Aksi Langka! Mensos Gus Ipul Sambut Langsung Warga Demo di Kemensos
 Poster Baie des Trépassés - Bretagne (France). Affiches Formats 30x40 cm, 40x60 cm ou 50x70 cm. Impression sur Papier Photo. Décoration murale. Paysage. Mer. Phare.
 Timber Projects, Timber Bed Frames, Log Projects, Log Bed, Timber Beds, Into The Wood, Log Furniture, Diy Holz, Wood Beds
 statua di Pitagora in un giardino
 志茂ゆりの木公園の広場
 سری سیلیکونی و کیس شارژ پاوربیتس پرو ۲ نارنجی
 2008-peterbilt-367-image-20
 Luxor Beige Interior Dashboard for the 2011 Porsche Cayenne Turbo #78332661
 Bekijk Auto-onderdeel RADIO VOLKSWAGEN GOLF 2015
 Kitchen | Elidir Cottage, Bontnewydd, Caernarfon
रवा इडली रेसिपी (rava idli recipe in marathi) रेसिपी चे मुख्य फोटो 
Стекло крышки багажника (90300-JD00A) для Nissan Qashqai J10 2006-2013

--------------------------------------------------

▶ _Exercise details_
All that is wanted is the line with "志茂ゆりの木公園の広場" and every later line in the entries, reproduced exactly.

▶ _Solution_
 志茂ゆりの木公園の広場
 سری سیلیکونی و کیس شارژ پاوربیتس پرو ۲ نارنجی
 2008-peterbilt-367-image-20
 Luxor Beige Interior Dashboard for the 2011 Porsche Cayenne Turbo #78332661
 Bekijk Auto-onderdeel RADIO VOLKSWAGEN GOLF 2015
 Kitchen | Elidir Cottage, Bontnewydd, Caernarfon
रवा इडली रेसिपी (rava idli recipe in marathi) रेसिपी चे मुख्य फोटो 
Стекло крышки багажника (90300-JD00A) для Nissan Qashqai J10 2006-2013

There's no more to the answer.